The regret is that Les Talens Lyriques could not bring this performance to the UK. Post Brexit, and with straitened UK arts budgets, larger baroque groups from Europe are no longer regular visitors. Wigmore Hall still hosts a chamber-sized version of Les Talens, but stagings of unfamiliar opera repertoire, one of their specialities, are for now absent. We must rely on recordings. A new rarity, Antonio Salieri’s Cublai – a satire on European monarchies – came out last week.

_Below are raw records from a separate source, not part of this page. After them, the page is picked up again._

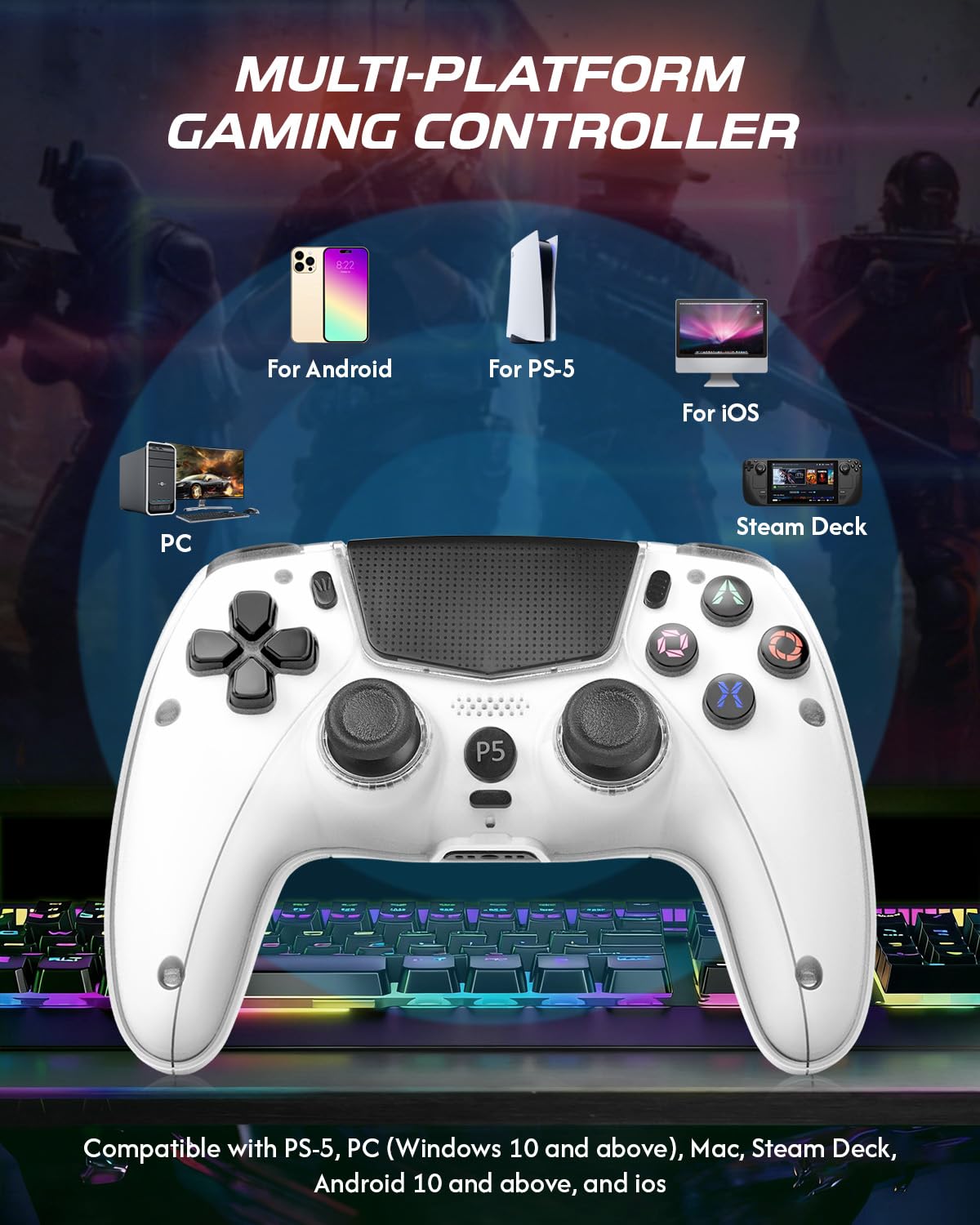 MTEZIZ Mando Inalámbrico para PS-5/PC/MAC/iOS/Android/Steam Deck, Gamepad con Doble Vibración/Conector para Auriculares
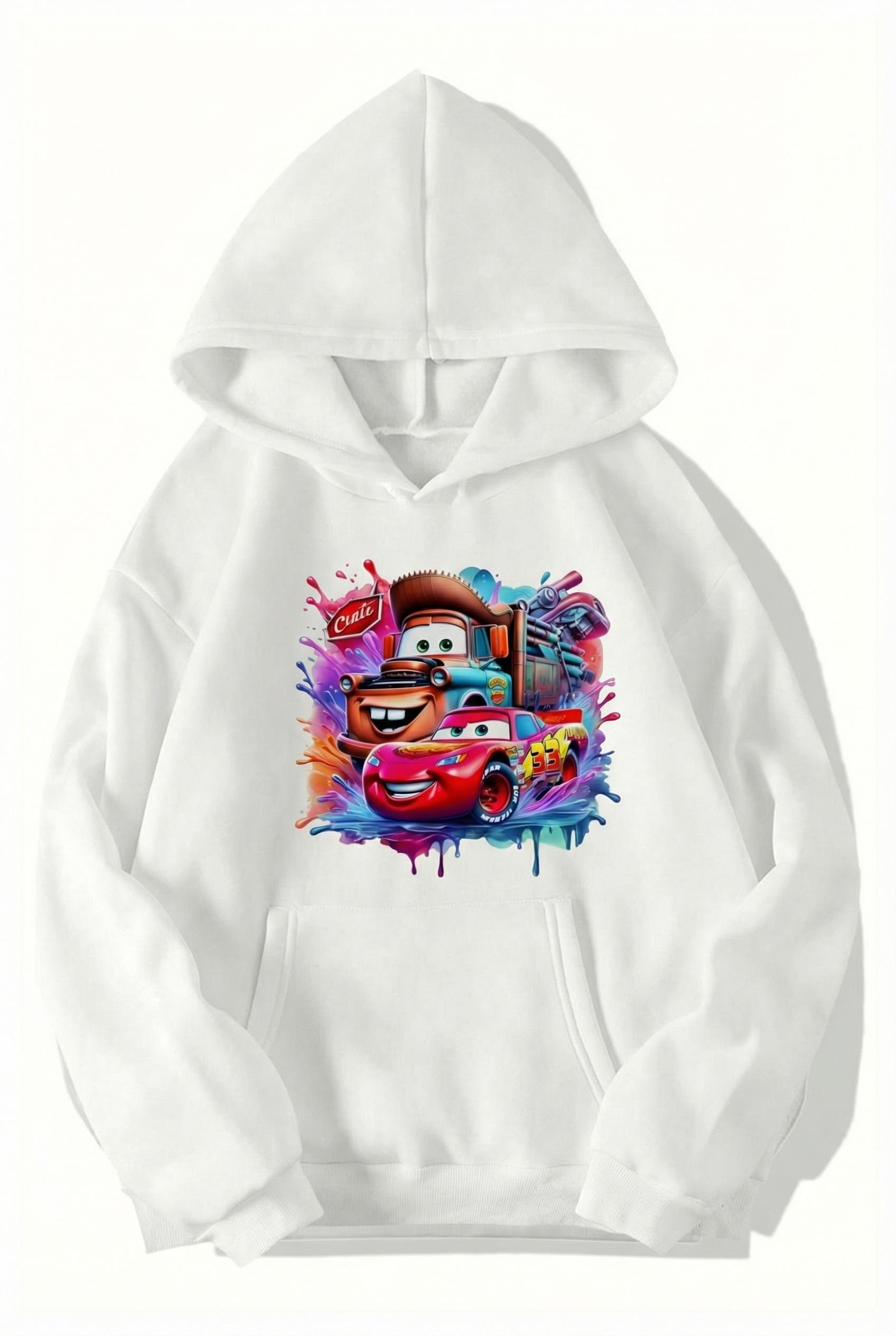 BRZ Collection Unisex Oversize - Cars - McQueen & Tow Mater Best Friends Hoodie (BEYAZ)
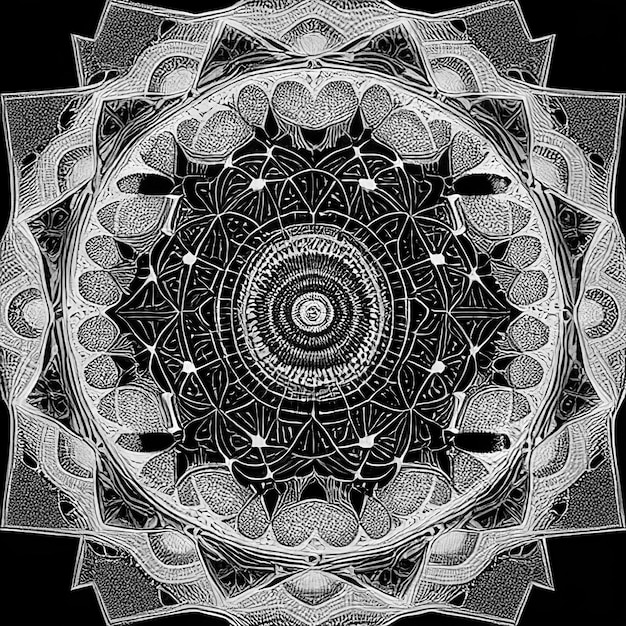 Mandala fond noir et blanc - mandala organique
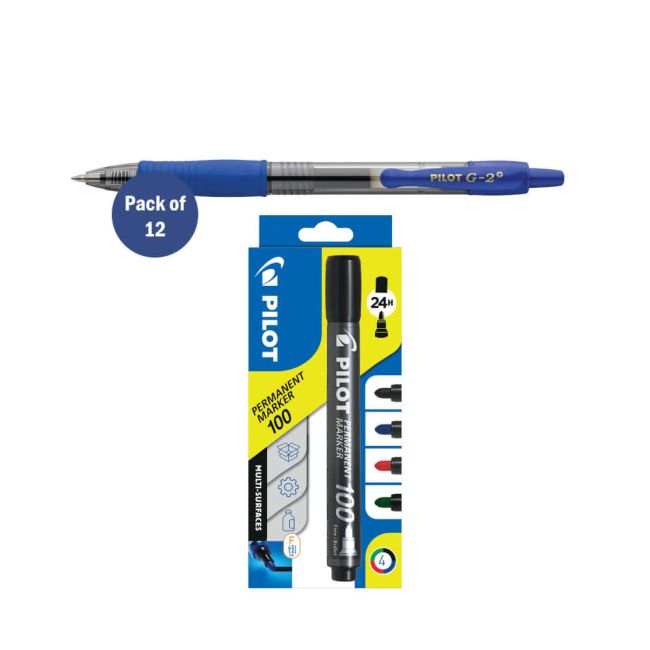 Pilot G-2 Gel Ink Rollerball Pen Medium Blue Pack of 12 FOC x4 Pilot Assorted Markers image 1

And on Wednesday Rousset and Les Talens won the BBC Music Magazine 2025 opera award, for their premiere recording of Fausto by Louise Bertin, an admired female contemporary of Hector Berlioz.
Without question, Britain has many outstanding specialist ensembles, all out in force for Bach performances over Easter. Polyphony and the Orchestra of the Age of Enlightenment, conductor Stephen Layton, were matchless in their annual St John Passion, with Ruairi Bowen an enthralling Evangelist. That said, cross-fertilisation of performance practice keeps traditions alive and has shaped the revolution in period instrument performance. As ever, we must treasure the BBC Proms, whose 2025 season, announced last Thursday, includes the Irish Baroque Orchestra and Barokksolistene among its 21 international ensembles.

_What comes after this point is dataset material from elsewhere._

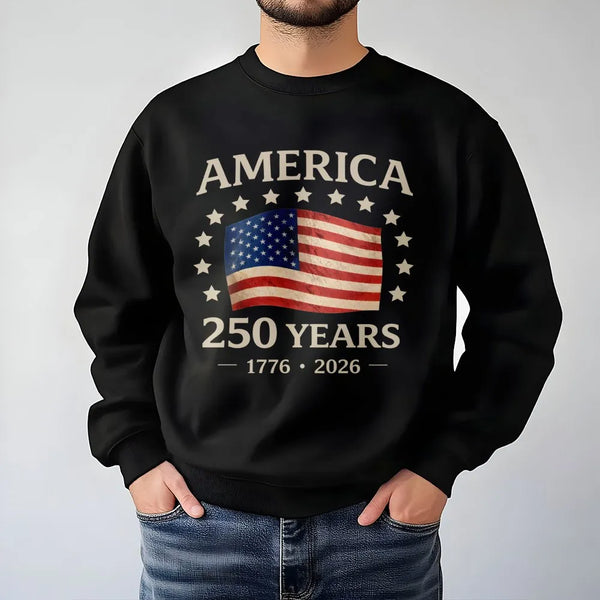 America 250 Years T-Shirt | Vintage USA Flag 1776-2026 Graphic | Soft Cotton Patriotic Tee | USA Anniversary Commemorative Gift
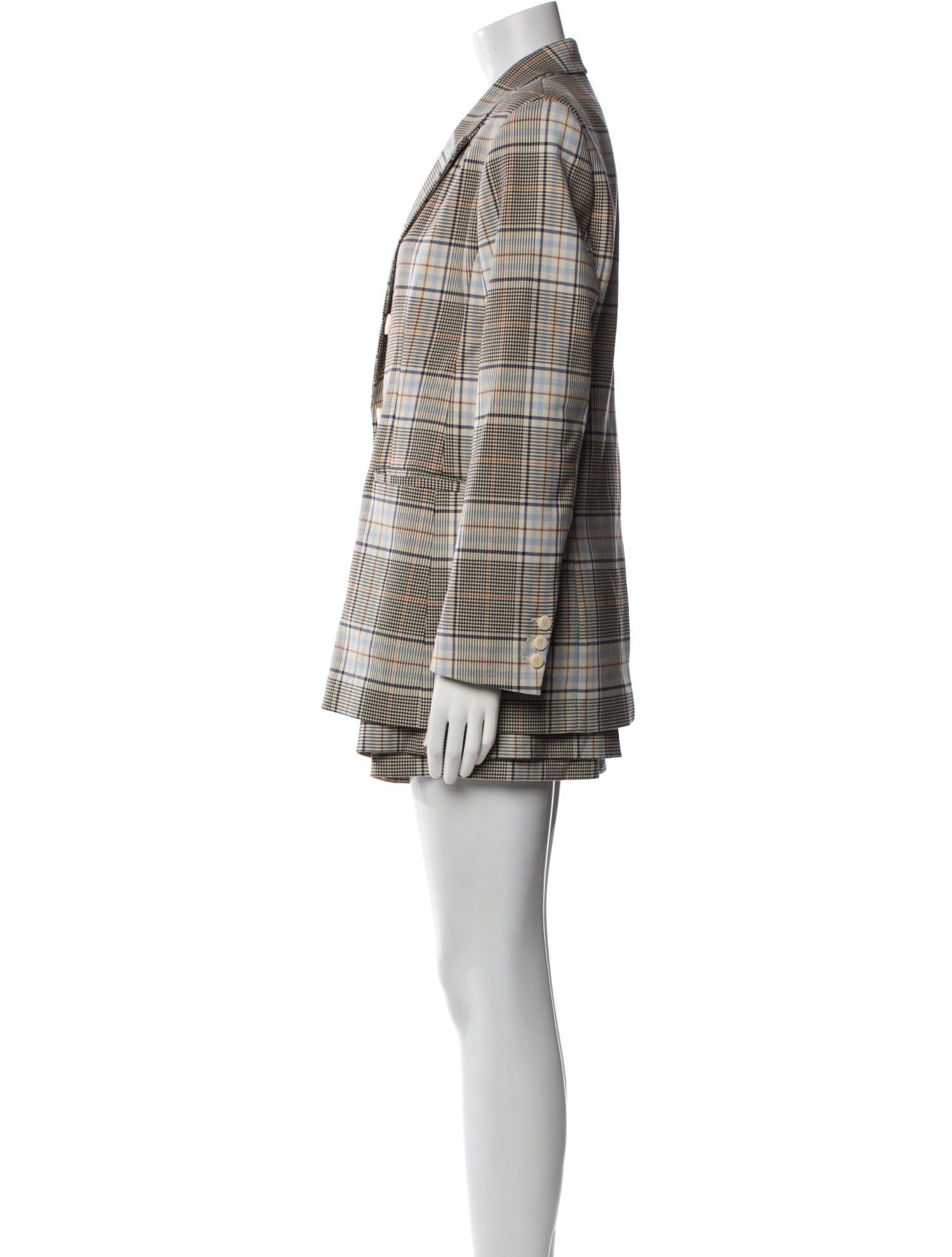Maje Plaid Print Pleated Accents Skirt Suit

In Paris I had wanted to hear how Notre Dame’s grand Cavaillé-Coll organ now fared, six years after the fire of April 2019. The instrument – nearly 8,000 pipes, five keyboards and 115 stops – was hardly damaged, but had to be cleaned, dried out, dust and water damage repaired. It was the day the pope died. Secularism might be a core concept in the French constitution but it felt otherwise last week. The cathedral, the bells of which had been rung memorially 88 times, was crammed with 10,000 people, and what seemed nearly as many flickering candles, for a tribute mass. It wasn’t the time to ask what the music was, mostly improvised interludes. But I can report that this massive instrument, in a cathedral with a seven-second delay, sounded magnificent, reedy, reverberant: not ideal for the interwoven lines of Bach-style polyphony but perfect, as here, for lush chordal progressions. Olivier Latry, chief organist of Notre Dame, was allegedly playing, but everyone had other matters on their mind that day so I have to rely on hearsay.

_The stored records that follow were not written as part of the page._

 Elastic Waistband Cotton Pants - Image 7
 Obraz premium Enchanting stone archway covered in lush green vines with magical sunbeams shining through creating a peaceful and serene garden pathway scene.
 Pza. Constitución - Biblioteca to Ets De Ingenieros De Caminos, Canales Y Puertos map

One other tangential music event in Paris: at the Frank Gehry-designed Louis Vuitton Foundation, a David Hockney exhibition is now open (and, owing to its size, is not scheduled to come to Britain). It culminates in his stage work, with extracts from his Die Zauberflöte, Tristan und Isolde and others. The Hockney-designed Rake’s Progress is still revived at Glyndebourne, but most opera-goers have never had a chance to experience his set live in the theatre. The Yorkshire-born artist is now 87. Time for a short season?